_ASSIGNMENT_: For the entries below, work out how many lines include the string "Earrings", then write only that number.

◆ ◆ ◆ ◆ ◆

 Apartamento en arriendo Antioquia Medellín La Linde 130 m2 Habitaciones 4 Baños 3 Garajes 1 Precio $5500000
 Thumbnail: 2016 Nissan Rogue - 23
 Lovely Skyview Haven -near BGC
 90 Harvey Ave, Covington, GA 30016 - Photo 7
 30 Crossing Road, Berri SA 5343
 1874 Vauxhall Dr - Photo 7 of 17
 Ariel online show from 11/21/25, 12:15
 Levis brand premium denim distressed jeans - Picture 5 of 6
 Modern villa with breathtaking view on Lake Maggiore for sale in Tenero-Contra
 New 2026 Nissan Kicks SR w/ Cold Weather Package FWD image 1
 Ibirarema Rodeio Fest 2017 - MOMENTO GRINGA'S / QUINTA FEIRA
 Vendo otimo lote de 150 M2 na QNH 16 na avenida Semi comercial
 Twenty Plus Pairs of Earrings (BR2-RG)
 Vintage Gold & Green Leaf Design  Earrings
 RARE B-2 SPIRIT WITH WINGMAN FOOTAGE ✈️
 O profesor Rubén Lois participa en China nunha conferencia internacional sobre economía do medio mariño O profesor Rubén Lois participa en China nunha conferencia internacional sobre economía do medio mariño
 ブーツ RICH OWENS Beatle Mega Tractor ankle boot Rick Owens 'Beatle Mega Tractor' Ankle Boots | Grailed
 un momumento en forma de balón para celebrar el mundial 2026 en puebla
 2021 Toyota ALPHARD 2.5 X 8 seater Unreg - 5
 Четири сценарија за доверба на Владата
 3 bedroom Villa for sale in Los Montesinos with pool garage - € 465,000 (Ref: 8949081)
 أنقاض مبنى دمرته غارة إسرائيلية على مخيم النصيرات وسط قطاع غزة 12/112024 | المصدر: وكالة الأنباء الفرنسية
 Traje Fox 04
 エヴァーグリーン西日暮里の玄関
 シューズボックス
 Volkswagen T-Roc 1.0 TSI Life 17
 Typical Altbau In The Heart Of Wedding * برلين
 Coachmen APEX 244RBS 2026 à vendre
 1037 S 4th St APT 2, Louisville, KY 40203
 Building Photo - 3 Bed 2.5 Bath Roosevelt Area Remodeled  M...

◆ ◆ ◆ ◆ ◆

_EXPECTED OUTPUT_: 2